ROSA must support external OIDC token issuers

Outcome Overview

Customers desire

1. integration with 3rd party authentication providers that support machine to machine workflows (azure active directory resource owners, for instance)
2. migration from existing kubernetes authentication (external OIDC is present and multiple provider support is coming soon)
3. multi-cluster token issuer configuration (backstage and ACM)

This outcome is about achieving that.

Success Criteria

To be successful 

1. we must be able to configure external OIDC providers on all OCP form factors
2. we must be able to maintain those configurations over time, including efficient debugging and mutation as needs change
3. support multiple token providers per cluster to allow migration
4. allow cross-cloud OIDC configuration (cluster in aws, contacting azure)
5. have an easy to deploy reference architecture for an multi-cluster OIDC provider (probably keycloak)
6. have all RH provided token consumers interoperate with external OIDC providers.

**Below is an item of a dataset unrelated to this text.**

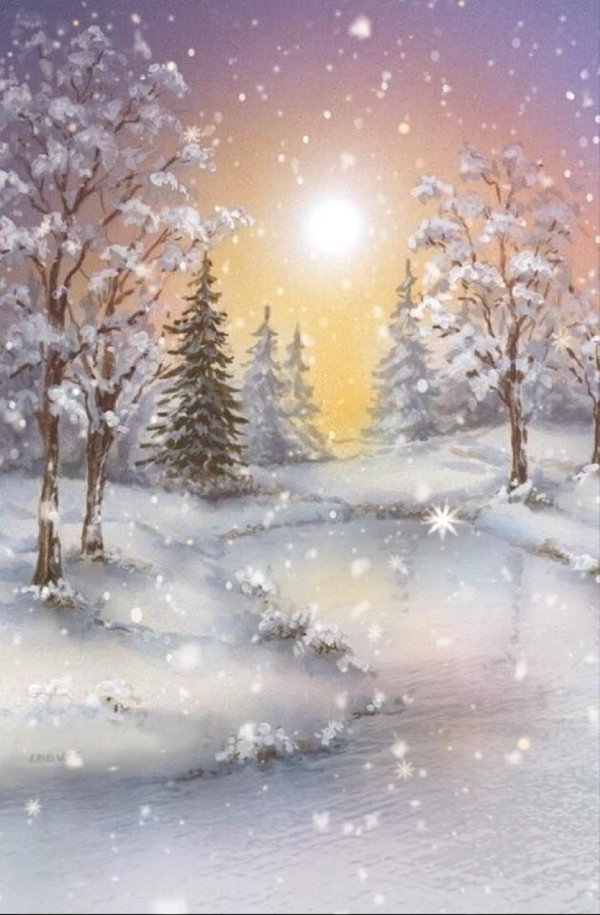 картина зимы с анимацией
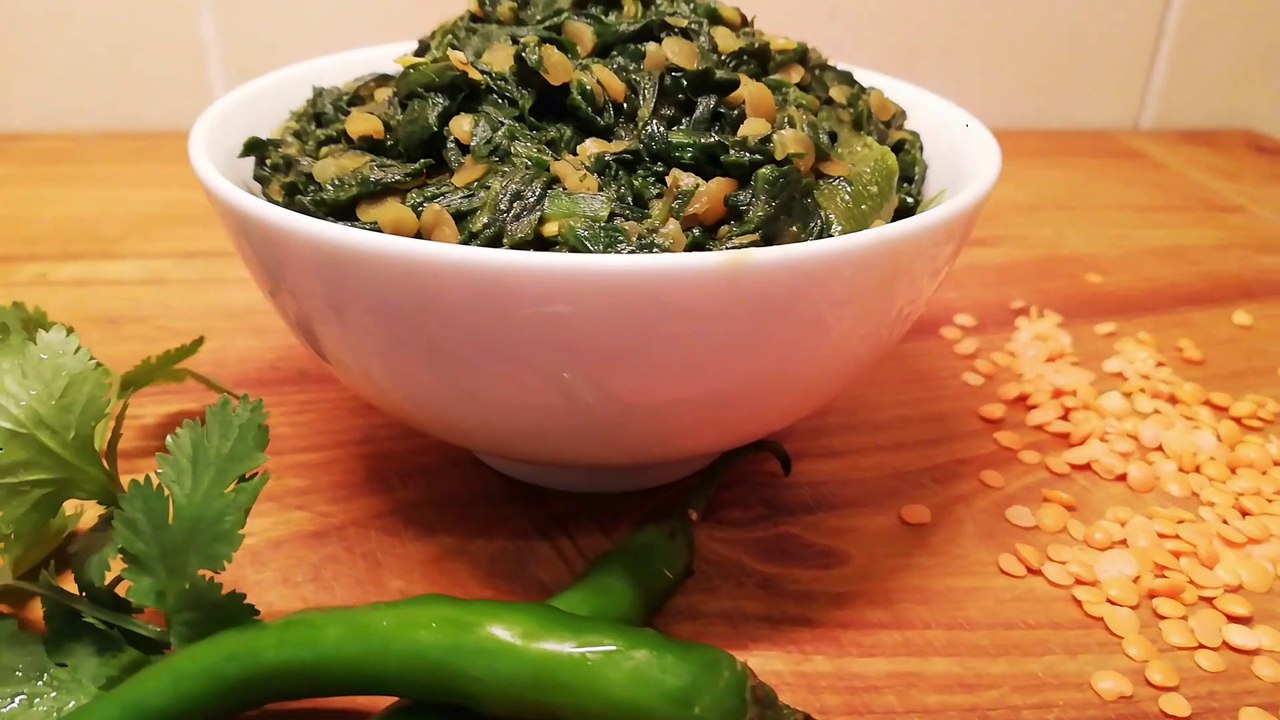 Palak Ki Sabzi      (Spinach with Red lentil)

Expected Results (what, how, when)

What incremental impact do you expect to create toward the company's Strategic Goals by delivering this outcome?  (possible examples:  unblocking sales, shifts in product metrics, etc. + provide links to metrics that will be used post-completion for review & pivot decisions). {}For each expected result, list what you will measure and when you will measure it (ex. provide links to existing information or metrics that will be used post-completion for review and specify when you will review the measurement such as 60 days after the work is complete)

TBD: David isn't sure if he can list measurement on the specifics of the item.

Post Completion Review – Actual Results

After completing the work (as determined by the "when" in Expected Results above), list the actual results observed / measured during Post Completion review(s).